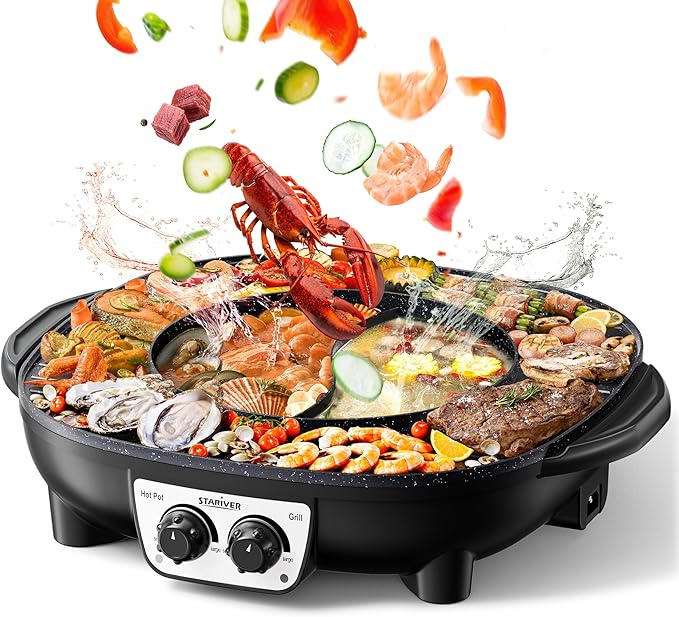 Stariver Hot Pot Electric with Grill 2 in 1, Indoor Korean BBQ & Shabu Shabu, Features Easy-clean Non-stick Coating, Dual Controls, 1800W Fast Heating, Perfect for Family Gatherings or Friends Parties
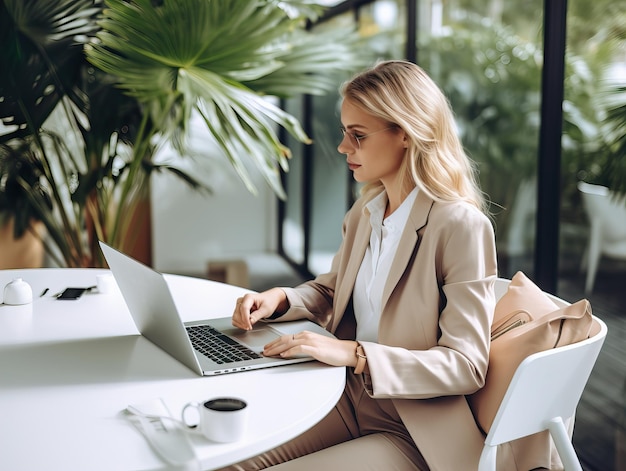 Mujer iniciando un negocio en línea joven europea trabajando con su computadora portátil en una oficina moderna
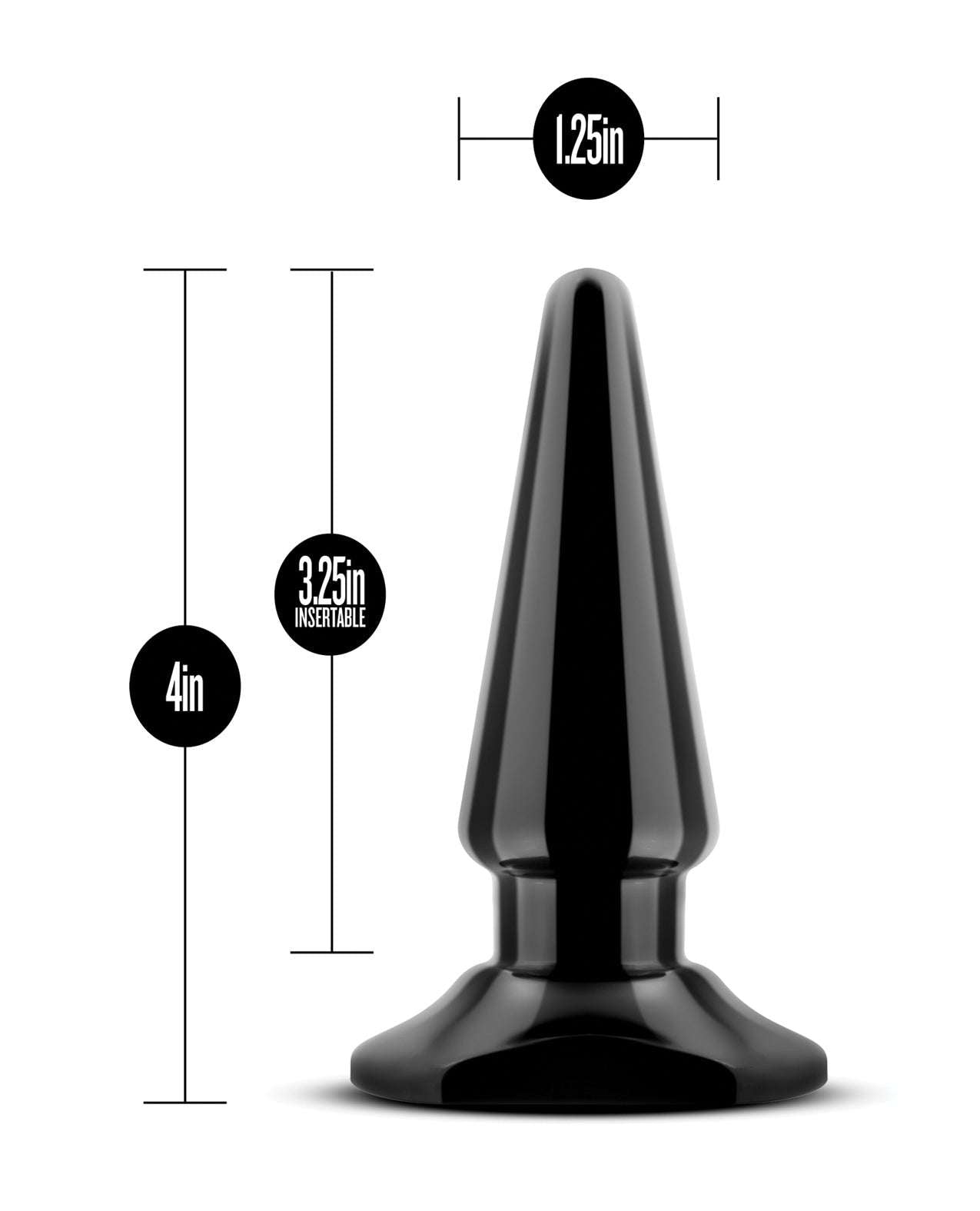 Blush Anal Adventures Easy Plug in black with tapered tip and secure base for comfortable anal play.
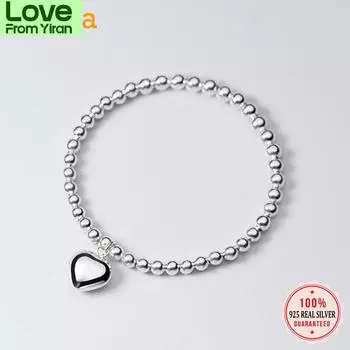 Trustdavis Минималистский браслет из стерлингового серебра 925 пробы с бусинами 4 мм в форме сердца 925 пробы для модных женских вечеринок S925 ювелирные изделия Da1003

+---+

#### YOUR INSTRUCTIONS:
The pictures should be dropped, and every line above should be set down again exactly.

#### EXERCISE SOLUTION:
 Stariver Hot Pot Electric with Grill 2 in 1, Indoor Korean BBQ & Shabu Shabu, Features Easy-clean Non-stick Coating, Dual Controls, 1800W Fast Heating, Perfect for Family Gatherings or Friends Parties
 Mujer iniciando un negocio en línea joven europea trabajando con su computadora portátil en una oficina moderna
 Blush Anal Adventures Easy Plug in black with tapered tip and secure base for comfortable anal play.
 Trustdavis Минималистский браслет из стерлингового серебра 925 пробы с бусинами 4 мм в форме сердца 925 пробы для модных женских вечеринок S925 ювелирные изделия Da1003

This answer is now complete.